To import the dataset, execute the query below. It can take up to 10 minutes for the data to be fully loaded. This dataset contains about 6 million records.

COPY "nyc_taxi_sample" FROM 'https://s3.amazonaws.com/crate.sampledata/nyc.yellowcab/yc.2019.07.gz' 
WITH (compression = 'gzip');

ISS dataset

Note: we have a tutorial in the CrateDB Docs explaining all the steps below in detail. Check it out if you like.

For importing this dataset, let's use a Jupyter Notebook.

First, start a new notebook. In the Jupyter Notebook UI (localhost:8888), click on "New -> Phyton 3" (in the right upper corner). This will open a tab with a blank notebook.

The first step is to import the requests library. Type the following command in your notebook, and run it by pressing "Run":

import requests

Now, let's read the current position of the ISS. Type this:

>>> response = requests.get("http://api.open-notify.org/iss-now.json")
>>> response.json()

Your return will be the postion of the ISS in latitude/longitude coordinates. Something like this:

Next, let's encapsulate this operation with a function that returns longitude and latitude as a WKT string:

>>> def position():
...     response = requests.get("http://api.open-notify.org/iss-now.json")
...     position = response.json()["iss_position"]
...     return f'POINT ({position["longitude"]} {position["latitude"]})'

When running this function, it will return your point string:

>>> position()

Now, let's import the crate client:

from crate import client

Next, connect to CrateDB:

connection = client.connect("localhost:4200")

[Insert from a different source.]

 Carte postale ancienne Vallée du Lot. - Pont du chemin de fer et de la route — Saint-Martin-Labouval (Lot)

And get a database cursor to execute queries:

cursor = connection.cursor()

Now, create a table in CrateDB to host the ISS coordinates:

>>> cursor.execute(
...     """CREATE TABLE iss (
...            timestamp TIMESTAMP GENERATED ALWAYS AS CURRENT_TIMESTAMP,
...            position GEO_POINT)"""
... )

You will see the table in the CrateDB Admin UI.

With the table in place, let's record the position of the ISS.

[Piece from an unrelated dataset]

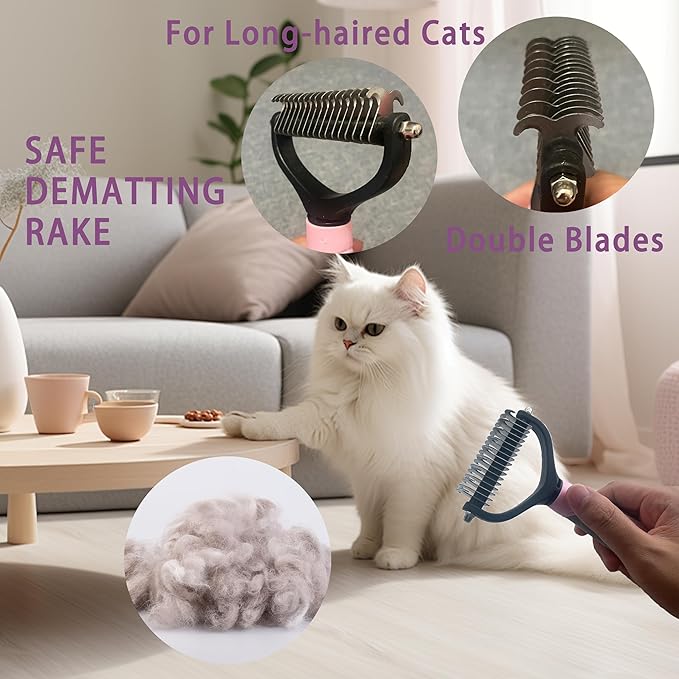 Cat Grooming Brush Kit 6 Tools - Deshedding &amp; Dematting for Long/Short Hair, Self-Cleaning Slicker Brush with 6-in-1 Flea Comb for Cats &amp; Kittens (Pink)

The following command calls the position function we defined earlier, insterting the result into the table we just created. Run it a few times to see several records.

>>> cursor.execute("INSERT INTO iss (position) VALUES (?)", [position()])

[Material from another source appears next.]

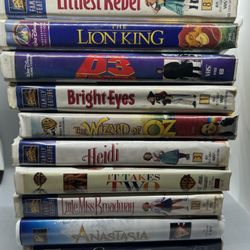 VHS Movies Casper Anastasia Lion King Wizard Of Oz It Takes Two Heidi Bright Eye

Now, SELECT that data back out of CrateDB:

>>> cursor.execute('SELECT * FROM iss ORDER BY timestamp DESC')

And fetch all the result rows at once:

>>> cursor.fetchall()

Now, automate the whole process. Paste and run the following code in your notebook:


import time

import requests
from crate import client


def position():
    response = requests.get("http://api.open-notify.org/iss-now.json")
    position = response.json()["iss_position"]
    return f'POINT ({position["longitude"]} {position["latitude"]})'


def insert():
    # New connection each time
    try:
        connection = client.connect("localhost:4200")
        print("CONNECT OK")
    except Exception as err:
        print("CONNECT ERROR: %s" % err)
        return
    cursor = connection.cursor()
    try:
        cursor.execute(
            "INSERT INTO iss (position) VALUES (?)", [position()],
        )
        print("INSERT OK")
    except Exception as err:
        print("INSERT ERROR: %s" % err)
        return


# Loop indefinitely
while True:
    insert()
    print("Sleeping for 10 seconds...")
    time.sleep(10)

Here, the script sleeps for 10 seconds after each sample. Accordingly, the time series data will have a resolution of 10 seconds. If you want to configure your script differently, feel free to do so!

You will see the script running, and the ISS data filling up into CrateDB.